Thursday, March 1, 2012

Why the Stock Market Crashed?

This is a picture of a chain store going out of business around the time of the 2008 stock market crash.
The market crashed because large companies who give mortgages, a debt instrument that is secure by collateral that the borrower must pay you back in a set of payments, would give people mortgages to people who couldn't afford them or to people with bad credit. They could always foreclose on the home, because a home is an asset and the value was increasing, but then people couldn't pay their loans and the home values were decreasing.

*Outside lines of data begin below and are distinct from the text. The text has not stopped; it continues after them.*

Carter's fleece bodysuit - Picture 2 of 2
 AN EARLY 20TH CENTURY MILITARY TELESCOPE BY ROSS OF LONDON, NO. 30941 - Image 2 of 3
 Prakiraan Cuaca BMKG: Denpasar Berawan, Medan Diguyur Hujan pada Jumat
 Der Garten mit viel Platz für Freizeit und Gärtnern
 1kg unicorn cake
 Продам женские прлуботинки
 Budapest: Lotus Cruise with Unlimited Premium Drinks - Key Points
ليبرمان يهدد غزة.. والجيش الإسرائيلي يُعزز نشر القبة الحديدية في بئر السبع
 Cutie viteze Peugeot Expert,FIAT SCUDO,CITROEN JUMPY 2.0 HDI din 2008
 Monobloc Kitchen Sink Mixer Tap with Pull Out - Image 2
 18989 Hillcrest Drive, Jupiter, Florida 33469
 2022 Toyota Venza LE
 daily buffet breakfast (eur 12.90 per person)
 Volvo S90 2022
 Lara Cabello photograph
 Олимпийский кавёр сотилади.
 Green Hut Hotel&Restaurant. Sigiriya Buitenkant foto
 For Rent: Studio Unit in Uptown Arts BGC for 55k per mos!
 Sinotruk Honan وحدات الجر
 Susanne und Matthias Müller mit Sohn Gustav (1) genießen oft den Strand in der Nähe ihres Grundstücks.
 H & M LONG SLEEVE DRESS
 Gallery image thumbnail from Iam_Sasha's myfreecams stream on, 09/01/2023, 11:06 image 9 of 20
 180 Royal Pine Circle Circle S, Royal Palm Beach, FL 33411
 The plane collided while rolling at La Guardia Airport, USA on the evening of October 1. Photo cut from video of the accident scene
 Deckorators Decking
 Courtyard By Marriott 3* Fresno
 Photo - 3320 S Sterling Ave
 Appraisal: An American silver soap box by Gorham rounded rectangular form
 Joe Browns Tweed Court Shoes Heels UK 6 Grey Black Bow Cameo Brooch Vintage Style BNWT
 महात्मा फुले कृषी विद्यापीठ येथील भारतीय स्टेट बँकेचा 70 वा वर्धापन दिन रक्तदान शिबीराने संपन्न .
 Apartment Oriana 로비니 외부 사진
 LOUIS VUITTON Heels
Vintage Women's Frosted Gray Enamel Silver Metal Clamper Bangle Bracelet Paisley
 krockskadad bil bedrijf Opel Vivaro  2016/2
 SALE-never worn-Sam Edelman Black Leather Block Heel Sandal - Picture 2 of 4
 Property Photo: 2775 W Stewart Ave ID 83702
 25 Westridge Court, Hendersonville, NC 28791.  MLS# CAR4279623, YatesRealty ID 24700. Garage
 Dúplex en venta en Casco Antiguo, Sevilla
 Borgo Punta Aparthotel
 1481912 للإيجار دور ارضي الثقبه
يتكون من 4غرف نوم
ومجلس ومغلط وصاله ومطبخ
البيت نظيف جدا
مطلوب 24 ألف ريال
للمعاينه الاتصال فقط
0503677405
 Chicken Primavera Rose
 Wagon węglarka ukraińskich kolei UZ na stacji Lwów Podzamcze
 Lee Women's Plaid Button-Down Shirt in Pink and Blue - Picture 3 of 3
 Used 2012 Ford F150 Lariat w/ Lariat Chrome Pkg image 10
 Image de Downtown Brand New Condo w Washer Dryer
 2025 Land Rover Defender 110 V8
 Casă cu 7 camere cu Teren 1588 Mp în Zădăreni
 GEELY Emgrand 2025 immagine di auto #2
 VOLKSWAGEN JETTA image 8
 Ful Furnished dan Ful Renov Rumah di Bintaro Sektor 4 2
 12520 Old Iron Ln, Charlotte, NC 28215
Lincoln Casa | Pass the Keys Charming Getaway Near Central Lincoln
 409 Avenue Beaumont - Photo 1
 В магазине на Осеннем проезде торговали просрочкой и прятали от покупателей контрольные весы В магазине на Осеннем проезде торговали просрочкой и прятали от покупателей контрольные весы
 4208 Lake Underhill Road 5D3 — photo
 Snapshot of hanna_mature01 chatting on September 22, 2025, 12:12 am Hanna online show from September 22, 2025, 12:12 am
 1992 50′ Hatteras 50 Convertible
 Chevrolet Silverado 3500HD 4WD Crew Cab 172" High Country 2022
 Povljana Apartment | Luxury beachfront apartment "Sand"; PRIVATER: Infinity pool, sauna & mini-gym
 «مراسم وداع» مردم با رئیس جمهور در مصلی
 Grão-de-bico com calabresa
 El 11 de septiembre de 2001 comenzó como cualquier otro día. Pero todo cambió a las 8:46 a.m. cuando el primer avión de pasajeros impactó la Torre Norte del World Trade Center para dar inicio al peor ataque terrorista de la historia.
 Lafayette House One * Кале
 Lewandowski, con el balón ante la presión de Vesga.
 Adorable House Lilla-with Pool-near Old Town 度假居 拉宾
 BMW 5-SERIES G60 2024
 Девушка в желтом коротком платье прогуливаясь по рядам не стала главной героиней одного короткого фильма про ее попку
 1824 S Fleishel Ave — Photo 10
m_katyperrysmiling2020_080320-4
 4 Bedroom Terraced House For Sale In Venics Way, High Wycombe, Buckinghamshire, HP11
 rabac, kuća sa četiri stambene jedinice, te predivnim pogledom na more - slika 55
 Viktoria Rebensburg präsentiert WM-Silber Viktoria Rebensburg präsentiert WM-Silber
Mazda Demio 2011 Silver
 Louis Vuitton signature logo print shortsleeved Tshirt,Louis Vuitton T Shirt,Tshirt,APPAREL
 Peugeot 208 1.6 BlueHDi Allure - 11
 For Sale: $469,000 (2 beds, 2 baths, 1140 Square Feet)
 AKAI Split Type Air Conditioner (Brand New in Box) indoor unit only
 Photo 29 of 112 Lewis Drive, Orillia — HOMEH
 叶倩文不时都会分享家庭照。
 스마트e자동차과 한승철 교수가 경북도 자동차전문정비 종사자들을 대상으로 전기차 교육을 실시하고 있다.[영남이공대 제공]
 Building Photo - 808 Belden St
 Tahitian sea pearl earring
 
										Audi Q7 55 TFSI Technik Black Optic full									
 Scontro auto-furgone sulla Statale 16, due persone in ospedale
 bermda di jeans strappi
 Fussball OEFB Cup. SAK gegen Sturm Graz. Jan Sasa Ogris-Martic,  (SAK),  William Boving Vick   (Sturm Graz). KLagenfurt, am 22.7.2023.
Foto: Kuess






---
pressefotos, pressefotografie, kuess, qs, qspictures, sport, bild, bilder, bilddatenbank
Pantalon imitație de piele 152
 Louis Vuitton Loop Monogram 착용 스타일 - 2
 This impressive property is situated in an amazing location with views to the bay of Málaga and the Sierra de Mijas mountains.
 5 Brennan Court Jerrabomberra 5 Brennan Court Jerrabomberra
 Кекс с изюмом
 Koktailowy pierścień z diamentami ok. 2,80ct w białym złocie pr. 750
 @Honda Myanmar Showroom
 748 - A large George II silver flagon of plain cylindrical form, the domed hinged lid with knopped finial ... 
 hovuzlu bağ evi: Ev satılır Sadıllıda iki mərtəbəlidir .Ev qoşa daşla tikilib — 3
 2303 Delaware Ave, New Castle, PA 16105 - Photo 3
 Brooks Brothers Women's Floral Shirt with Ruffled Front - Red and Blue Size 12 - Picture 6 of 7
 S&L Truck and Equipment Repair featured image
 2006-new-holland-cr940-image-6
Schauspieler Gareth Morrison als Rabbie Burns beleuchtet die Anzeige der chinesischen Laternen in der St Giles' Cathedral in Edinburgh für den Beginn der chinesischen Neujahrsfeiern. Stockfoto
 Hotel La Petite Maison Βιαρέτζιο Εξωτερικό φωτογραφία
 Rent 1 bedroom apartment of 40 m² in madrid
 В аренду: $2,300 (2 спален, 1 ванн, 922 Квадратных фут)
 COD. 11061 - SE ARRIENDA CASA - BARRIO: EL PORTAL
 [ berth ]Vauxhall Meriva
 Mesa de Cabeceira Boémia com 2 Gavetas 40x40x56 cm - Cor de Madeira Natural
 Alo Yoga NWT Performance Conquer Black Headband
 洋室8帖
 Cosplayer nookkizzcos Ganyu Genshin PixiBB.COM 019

On March 15, 2010 Bear Stearns, an investment back merged with JP Morgan Chase, and Bear Stearns lost 90% of it's value.  Dow Jones Industrial Average dropped from $10,831.07 to 48451.19 or 22.11%. Today at 2:43 PM it was at $12,977.04. When a large company gets a bad earning report, there is a bear market, most stocks go down. When the market is crashing investors fear and start to sell, which lowers demand and increases supply making the market go down.

http://www.money-zine.com/Investing/Stocks/Stock-Market-Crash-of-2008/
Stock Market Crash of 2008
The article said it's author was the title of the article, it didn't have a date of when it was written, and it said the information was coming from them. I did know some background information n the topic and it seemed to match with this article.